Alexander Gabuev
“The one thing you never want to happen is you never want Russia and China uniting. I’m going to have to un-unite them, and I think I can do that,” Donald Trump boasted in an interview with the political commentator Tucker Carlson in October. On the campaign trail, the president-elect said repeatedly that he would stop the war in Ukraine “in 24 hours” and that he would be much tougher on China than President Joe Biden has been.
Trump has never articulated exactly what his plan to “un-unite” these two countries is, and based on his record, he might simply devise one on the fly. But early indications suggest that the coming administration might seek to damage the Chinese-Russian partnership by reducing tensions (and even improving ties) with Moscow in order to put pressure on Beijing—something like the reverse of what Secretary of State Henry Kissinger orchestrated more than 50 years ago, when the United States pursued détente with China to exploit the Sino-Soviet split.
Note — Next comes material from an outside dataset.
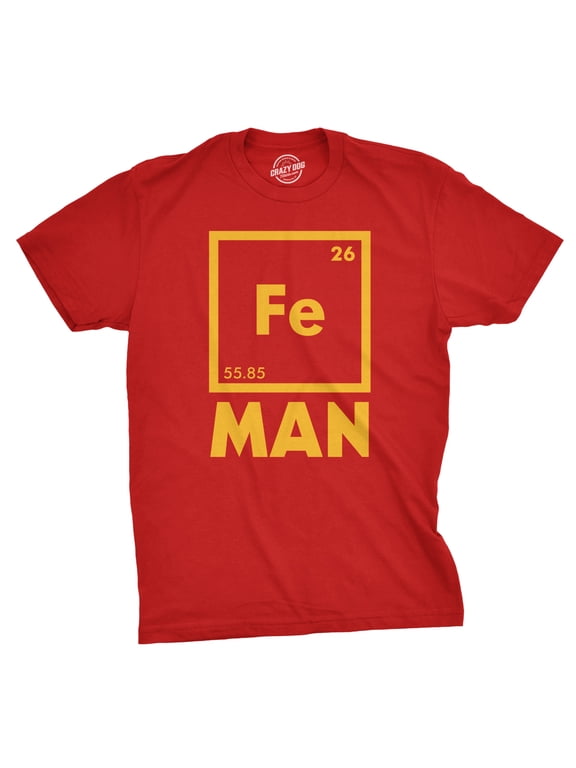 Mens Iron Science T Shirt Cool Novelty Funny Nerdy Graphic Print Tee Guys Graphic Tees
This school of thought seems to be popular with many people in the Trump universe, including those who have been nominated to his national security team. Michael Waltz, for example, a member of Congress whom Trump has tapped to serve as his national security adviser, advocated in The Economist for the United States to help wind down the war in Ukraine as soon as possible and then divert resources to “countering the greater threat from the Chinese Communist Party.”